The decision to retire is a personal one, Colon said, one that can’t be reached with the help of others. It’s a “heart-to-heart” conversation that needs to take place “in the mirror.”

“Every guy has that intimate conversation,” he said.

He’s grown accustomed to being one of the “old guys in the locker room,” but his age belies his grit and passion for the gridiron. “If I could, I would totally play football until I’m 60 and die being a football player,” Colon said between bites of his Peking-style chicken. “I’m more than happy with that. But that’s not life.”

After spraining the medial collateral ligament in his right knee in the Jets’ Week 3 loss to the Eagles in 2015, he pushed his body to its limit in order to stay on the field. And on Nov. 11, after playing in only six games, Colon was placed on season-ending injured reserve.

He’d love nothing more than to play again — for the Jets, if given the chance, he said.

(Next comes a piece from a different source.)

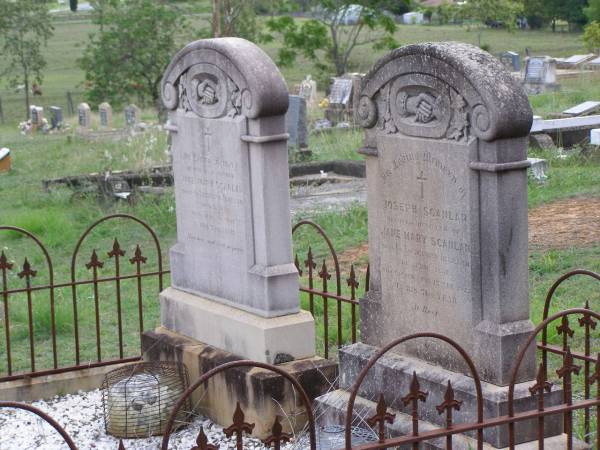 Joseph SCANLAN,  | husband of Jane Mary SCANLAN,  | born Co Longford Ireland 10 April 1851,  | died 17 May 1922 in 71st year;  | Jane Mary SCANLAN,  | born Co Limerick Ireland 5 March 1853,  | died 19 July 1931 in 79th year;  | Helidon General cemetery, Gatton Shire  |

His knee is “doing a lot better” and right now his body could carry him “through Week 3.” Colon also doesn’t see missing OTAs and minicamp as a setback. “If I’m in a Chargers helmet to a Bears helmet, I’m still going to be doing the same blocks,” he said.

While close friends and former teammates are preparing for life after football, Colon is prepping himself for his final test against Father Time. By summer’s end, he’ll know whether his body can commit to rigors of NFL life.

His knees are not what they used to be, but his heart overflows with appreciation and pride for the game.

Only time will tell if that will be enough, however.

“I think teams perceive me as being a locker-room leader, a tough guy on the field, a guy who’s built for the fire and the trenches, a field warrior,” Colon said. “But at some point, you’ve got to bring more to the table, especially when guys like Leonard Williams and [Darrelle] Revis are gracing the field.

“So my mindset is, if I’m going to go back on the field, I’ve got to not only lead the pack but continue to run with the pack and not get pushed off to the side because my body no longer can do it anymore.”